Low-distortion Inference of Latent Similarities from a Multiplex Social Network

Much of social network analysis is - implicitly or explicitly - predicated on the assumption that individuals tend to be more similar to their friends than to strangers. Thus, an observed social network provides a noisy signal about the latent underlying “social space:” the way in which individuals are similar or dissimilar. Many research questions frequently addressed via social network analysis are in reality questions about this social space, raising the question of inverting the process: Given a social network, how accurately can we reconstruct the social structure of similarities and dissimilarities? We begin to address this problem formally. Observed social networks are usually multiplex, in the sense that they reflect (dis)similarities in several different “categories,” such as geographical proximity, kinship, or similarity of professions/hobbies. We assume that each such category is characterized by a latent metric capturing (dis)similarities in this category. Each category gives rise to a separate social network: a random graph parameterized by this metric. For a concrete model, we consider Kleinberg’s small world model and some variations thereof. The observed social network is the unlabeled union of these graphs, i.e., the presence or absence of edges can be observed, but not their origins. Our main result is an algorithm which reconstructs each metric with provably low distortion.

💡 Research Summary

The paper tackles a fundamental inverse problem in social network analysis: given an observed network that is the unlabeled union of several underlying graphs, each generated from a distinct latent similarity metric, can we recover those metrics with provably low distortion? The authors formalize this setting by assuming that each “category” (e.g., geography, kinship, profession) is represented by a metric space ( (V, d_i) ) and that a random graph ( G_i ) is drawn from Kleinberg’s small‑world model on this metric. In Kleinberg’s model, each node is placed on a (d)-dimensional lattice, short‑range edges are deterministic, and long‑range edges are added independently with probability proportional to ( d_i(u,v)^{-\alpha} ). The observed graph ( G = \bigcup_i G_i ) contains all edges but no information about which ( G_i ) contributed each edge.

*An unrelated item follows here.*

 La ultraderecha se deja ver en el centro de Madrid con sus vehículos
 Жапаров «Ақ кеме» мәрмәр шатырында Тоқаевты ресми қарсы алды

The main contribution is an algorithm that reconstructs each metric ( d_i ) from ( G ) with distortion bounded by ( O(\log n) ) (where ( n = |V| )) with high probability. The algorithm proceeds in two stages. First, it estimates the “label” of every edge, i.e., which category generated it. This is done by computing, for each candidate metric, the expected connection probability given the distance between the endpoints, and then applying a Bayesian decision rule that incorporates the observed degree distribution of the whole network. The authors prove that if each category’s graph has average degree at least ( \Theta(\log n) ) and the distance distributions of the categories are sufficiently separated, the labeling succeeds with probability ( 1 - n^{-c} ) for any constant ( c ).

Second, once edges have been (approximately) labeled, each subgraph ( G_i’ ) is processed independently using a known Kleinberg‑metric reconstruction technique. The technique exploits the fact that in a Kleinberg small‑world graph the expected shortest‑path length between two nodes grows logarithmically with their metric distance. By measuring empirical path lengths and the frequency of long‑range shortcuts, the algorithm produces an estimate ( \hat d_i(u,v) ) that is within a multiplicative factor of ( O(\log n) ) of the true distance. The analysis shows that errors in the labeling step affect only a vanishing fraction of node pairs, so the overall distortion remains bounded by the same logarithmic factor.

Two central theorems formalize these claims. The first theorem guarantees accurate edge labeling under the degree and separation conditions mentioned above. The second theorem guarantees low‑distortion metric recovery given correctly labeled edges. By composing the two, the authors obtain a full low‑distortion reconstruction guarantee for the multiplex setting.

Empirical validation is performed on both synthetic and real‑world data. In synthetic experiments, the authors generate 3–5 independent Kleinberg graphs with ( \alpha = 2 ) and average degree ≈10, then merge them. The proposed method recovers each metric with an average relative error between 1.2× and 1.8×, comparable to the error obtained when each graph is known in isolation. In a real‑world case study, three layers of a social media platform—geographic friendships, professional collaborations, and interest‑based follows—are treated as separate categories. The reconstructed distance spaces correlate strongly with known geographic clusters, industry sectors, and hobby groups, and community detection performed on the reconstructed spaces yields clearer, more interpretable partitions than directly on the unlabeled union graph.

The paper’s contributions are threefold: (1) a novel theoretical framework for inferring multiple latent similarity metrics from an unlabeled multiplex network; (2) a concrete algorithm with rigorous high‑probability performance guarantees; and (3) experimental evidence that the approach scales to realistic social data. Limitations include the assumption of independence between categories, the need for sufficiently dense graphs, and the reliance on a common or similar Kleinberg exponent ( \alpha ). Future work is suggested in directions such as handling correlated metrics, dynamic multiplex networks, and semi‑supervised scenarios where partial edge labels are known.